Nasza biegaczka świetnie rozłożyła siły, początkowo biegła w kilkuosobowej grupce, potem wrzuciła piąty bieg i odskoczyła do rywalek. Próbowała ją gonić Japonka Masaho Ishida, która na 20 kilometrów przed metą dołączyła do Polski. Daleko z tyłu ze stratą ponad 7 minut biegła liderka Visma Ski Classics Szwedka Britta Johansson Norgren. Na zjeździe na 13 kilometrów przed metą Kowalczyk zgubiła Japonkę i jako pierwsza zameldowała się na mecie, Ishida straciła do niej 55 sekund.
Podopieczna Aleksandra Wierietielnego po raz czwarty wygrała maraton cyklu Visma Ski Classics. W 2015 roku zwyciężyła w Biegu Wazów. W sezonie 2015/2016 okazała się najlepsza podczas Arefjaellsloppet, a przed paroma tygodniami w 2017 r. pokonała wszystkie rywalki w Birkebeinerrennet.

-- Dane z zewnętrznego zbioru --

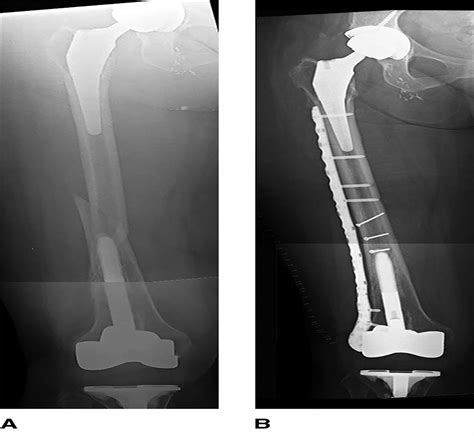 Management of Interprosthetic Femur Fractures : JAAOS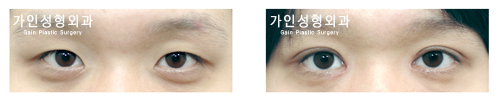 매몰법앞트임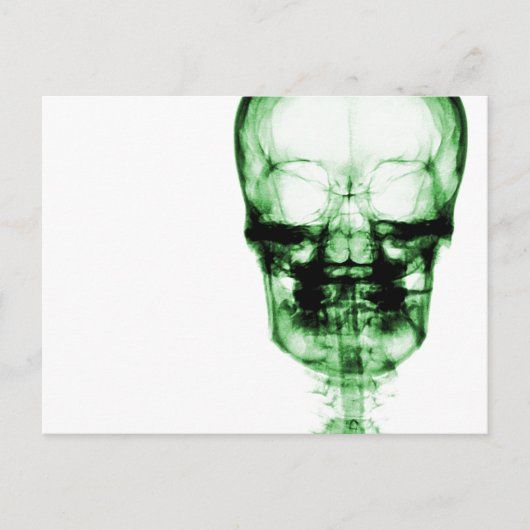 X-Ray Vision Skeleton Skull - Green Briefkaart (Voorkant)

8 kwietnia Kowalczyk ma wystartować w Finlandii w biegu w Yllas-Levi (67 km). Być może dojdzie jeszcze jeden, kwietniowy maraton w Islandii. Justyna Kowalczyk uważa, że przez starty w maratonach zdoła się dobrze przygotować do występu na zimowych igrzyskach olimpijskich w Pjongczang w 2018 roku.